I AM LOVING THIS CLEAN EATING THING! I have so much energy. I'm constantly trying to find things to do so that I'm not sitting tapping my foot. It's amazing. I'm also sleeping better (or at least not waking up tired, because I always was a good sleeper) and am in better moods - most of the time, lol. These are all things that I think I didn't really have a problem with - I thought I had enough energy, I guessed I just wasn't getting enough sleep, or it was just something to put up with, and I thought I was in a good mood most of the time. Well, I was I guess - I got things done, I slept OK and I managed not to bite most people's heads off, but in comparison to how I feel now, it shows.

What's better is that most of the time I don't feel hungry, and when I do I'm filling up faster than I previously was. All from not eating too much refined food. It's been great.

Another major change I've made is the way I move. Upon my request, my husband bought me a Fitbit for Christmas. After wearing it for a couple of days in my normal routine and clocking up between 5 and 7 thousand steps I knew it was time for a change. I haven't done less that 10000 steps for 2 weeks now and the fitbit has made me conscious of that fact. It also has sweet challenges that make you want to do more and more (one day I did 30000), if you're competitive like me that is.
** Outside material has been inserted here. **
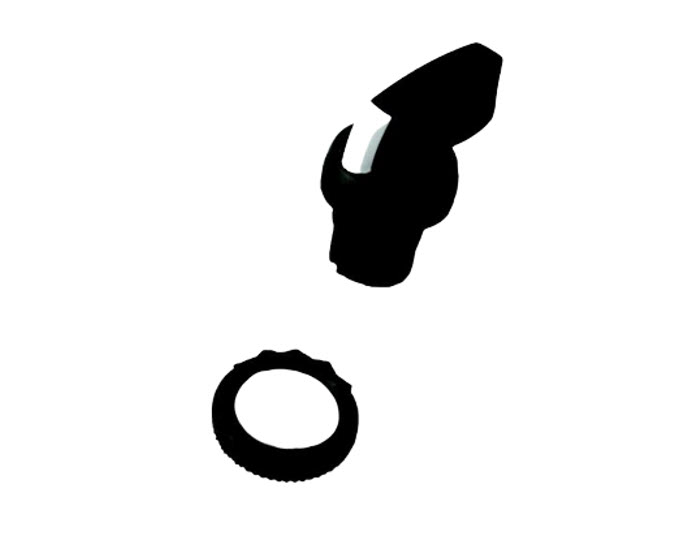 ALLEN BRADLEY 800FP-HM22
So now, after doing this for 2 weeks I can pop an additional 4.6kgs to my weight loss. My goal in December was to maintain what I had lost so far, or gain only a weeny bit. It was Christmas and the goodies was calling my name. Not to mention the 3 Christmas get togethers and 1 New Years get together. Weight loss just wasn't happening. I was happy to only gain a little during this time. My weight loss to date is 8.3kg, which is a super steady weight loss if I back date that to around October when I began.

I wanted to write something that might motivate others as I myself had read all of this kind of stuff before - improved energy, better sleeping patterns, super easy blah blah blah - and it just never stuck. Although I'm only a little way through this I can feel that this is it. I know this is a lifestyle change for me. How do I know - I'm not drinking coke zero anymore. If this was just about weight for me I'd be chugging that 0 calorie shiz back like nobodies business. And because of that I know this is about more.

So, here is 5 quick things that you could change today, that will begin to help. I hope they're easy. They've definitely seemed that way.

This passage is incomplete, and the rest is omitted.